Por coincidência, no pequeno teatro de marionettes que é a geopolítica, assistimos a uma transição que ecoa o surgimento de novas espécies e a extinção de outras ocorridas no Paleozoico, se tivermos o gosto da caricatura.

Os trabalhadores e as classes mais desfavorecidas da maior potência mundial, contra as doutrinas mais influentes no princípio do século XX, serviram-se da sua, mais ou menos vigente (refiro-me à adulteração das consciências provocada pelo meio mediático-tecnológico) prerrogativa eleitoral para pôr à frente dos destinos dessa potência, uma personagem que nos tempos de Lincoln, ou mesmo Kennedy, não passaria dum histrião de boulevard. Fizeram-no, não porque perderam o juízo ou porque foram manipulados, mas para tentar qualquer coisa de novo (revolucionário, seria de mau gosto), fora das consabidas políticas que confirmam a desigualdade mais gritante e a perpetuação duma vida sem futuro dos que estão no fim da escala. O partido democrata  deixou de merecer a confiança dessas camadas, sem embargo do sucesso de tal sistema no domínio económico e tecnológico para as elites. Estamos, se quisermos simplificar,  perante a repetição do impasse da democracia na Grécia Antiga: uma minoria de homens livres e culturalmente excepcionais e uma massa escrava, conformada, graças aos deuses do Olimpo, com esse estatuto.
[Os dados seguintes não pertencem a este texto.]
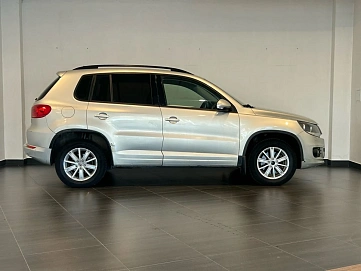 Volkswagen Tiguan, 2011г, передний привод, механика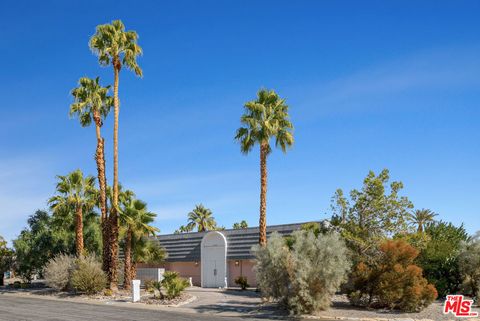 Photo of 1818 N Berne Drive, Palm Springs, CA 92262 (MLS # 21103090)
É esse impasse, somado à demissão dos deuses, que explica o voto maioritário nos EUA. Não é um voto contra a razão, nem a favor dum criminoso e actor de vaudeville. É uma escolha desesperada para sair do impasse, nem que seja à custa do destrambelhamento do sistema. É quase o "quanto pior melhor".

Numa crónica recente, o impagável Miguel Esteves Cardoso diz que não é assim tão mau: o histrião só terá acesso a um mandato e o que fez e fará tem sempre um remédio: a desmontagem. De facto, assim como ele assina duzentos decretos dos seus num dia, um outro fará o contrário no mesmo tempo.

Entretanto, consolemo-nos com o espectáculo dum quase octogenário fazer o papel de César de revista popular. E com esse cúmulo de linguajar de palco que é o seu "drill, baby, drill", a propósito da anunciada escalada da perfuração de novos poços de petróleo contra o Acordo de Paris e tudo quanto seja o bom-senso político.

Quanto à política tal como hoje se vive cada vez mais, e à nova linguagem que lhe vem atrelada, a melhor citação é dum artigo no Público de 21 do mês passado, escrito por Pedro Adão e Silva:
"No dia da primeira eleição de Trump, Steve Kerr, nove vezes campeão da NBA, primeiro como jogador e agora como treinador, deixava um alerta numa conferência de imprensa em tom impaciente: a linguagem do comentário desportivo tinha contaminado o debate político. Estávamos no longínquo ano de 2016 e o treinador dos Warriors afirmava certeiro: “Talvez devêssemos ter previsto isto nos últimos dez anos. Olhamos para a sociedade, para o que é popular. As pessoas recebem milhões de dólares para irem à televisão gritar umas com as outras, quer seja no desporto ou no entretenimento. Acho que era apenas uma questão de tempo até que isso se estendesse à política.”

Esta era, apesar de tudo, é melhor que uma glaciação. Smile.